Yeah, using putty from the machine I am running spiceworks on and nothing :confused:

ah there you go then, you need to get this going of course

check you can ping first of all so you know routing etc is good.

then check the Windows firewall on the SPW server is allowing port 22 out and check ip-tables on the Debian box will allow port 22 in from the SPW server.

Got it working on putty, seems that I was using a high port (22222). Still nothing on the Spiceworks side even after changing it to port 22. I used wire shark to sniff traffic on port 22 and there is certainly communication between Spiceworks and the debian laptop, just not enough to authenticate. Stumped.

ah well then you’ll need to tell SPW to use port 22222 instead of port 22 then of course…

http://community.spiceworks.com/how_to/show/1761-scaning-on-non-standard-ports

If you changed the debian system to use 22 don’t forget to restart the sshd (service sshd restart) if you’re sshd and not xinetd to handle the ssh traffic.

Thanks, restarted it and it works fine on port 22 with putty. same credentials on Spiceworks using port 22 and there is definite communication, just no authentication.

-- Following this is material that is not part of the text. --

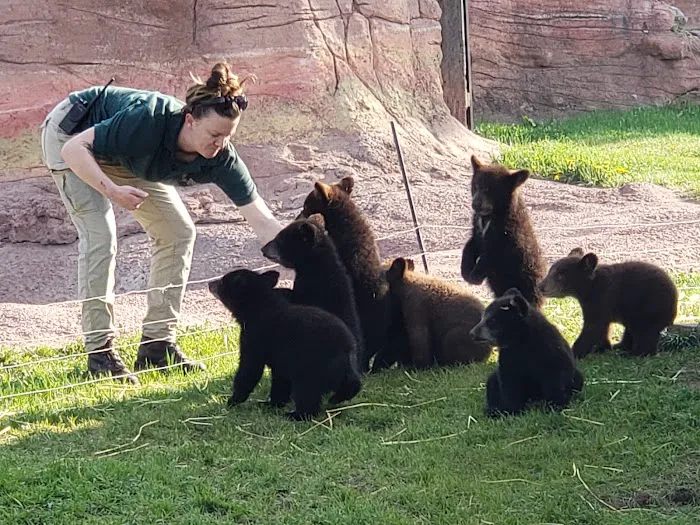Bear’s Den Gift Shop 1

OK good progress (I’d check why this was on port 22222 - could be a valid reason!

, so SPW will need to have the root username/passwd and have bash as the root shell also.

Sorry, I forgot to mention, we use port 22222 at our company, I forgot to change it when I was testing it out :stuck_out_tongue:

I’ll check out your other suggestion now, thank you for your help!

I’m pretty certain that the issue is due to new host key verification that occurs when I try to connect for the first time . I noticed this when I SSH’ed in to the laptop through putty. I’m hoping there’s a way to verify it through Spiceworks.

Although I now know that the issue is due to the key authentication, I have no idea how to fix it to allow it to authenticate.

ah spw doesnt support key auth, needs to be passwd auth

The thing is, the laptops we have use password authentication. Here’s an example of what happens when I try to connect the first time through putty: http://i.imgur.com/olT4cOH.jpg

That is what I think is blocking it.

Thats just the standard putty cache check

shouldnt affect spw at all

so root can ssh in fine via putty abd a password?

I believe we disable root SSH for security reasons. I’ll see if I can temporarily allow it and I’ll give it a shot.

Tried it out with root, connects fine via putty, but still no luck with Spiceworks.

Anything in the finder*.logs on the SPW logs dir?